Recently the National Stock Exchange (NSE) launched the new system for trading the mutual funds known as 'Mutual Fund Service System' (MFSS), on November 30th. The Bombay Stock Exchange has also introduced its version of trading in the mutual funds known as BSE Star MF that was introduced on December 4. This was after getting the requisite SEBI approvals for trading of the mutual funds through the existing channels of the stock exchange.

These new platforms have been launched with the initiative of increasing the retail participation of the investors. This will also lead to an increase in the volumes of MF's that are traded. Since the stock exchanges have a number of trading terminals that are present all across the country, it helps retail investors get a better access than the asset management companies (AMC) existing network. Now retail investors need not locate a retail AMC distributor for trading in the MF's.

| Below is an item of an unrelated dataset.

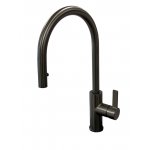 Galatea Design Ginger Bateria kuchenna z wyciąganą wylewką Gunmetal GDDGA291MG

Now the investors are able to invest through the members of the stock exchange and who is also listed as a member of the Association of Mutual Funds of India (AMFI). Quite conveniently whenever the members wish to subscribe or redeem their MF units, then they can do so through the registered members of the AMFI.

Both physical and the depository mode can be availed by the retail investors. Those that wish to do so through the depository method would only need to open a demat account.

Orders for redemption as well as subscription can be given between the trading hours. The trading hours in which the retail investors can operate are between 9 AM in the morning till 3 PM in the evening. Doing within this time, the subscribers will be able to take benefit of the same days NAV for the particular mutual fund.

These changes will help the investors to know their stock positions as well as MF positions from the same report. Settlements for the MF's are also expected to be made within T+1 days. At this time, experts are also pointing out that the new system merely represent the routing system and is not effectively allowing the investors to trade with each other over this platform.

Trading in the MF will also attract tax. For those that are investing and trading in equity linked schemes, they will have to pay a securities transaction tax (STT), while those trading in debt and liquid funds will have to give a capital gains tax liability.

Many distributors don't see it as an improvement over the previous system, since they feel that volumes of MF trade won't increase substantially. Further the distributors have also been hurt since the time SEBI has abolished the entry loads for the mutual funds.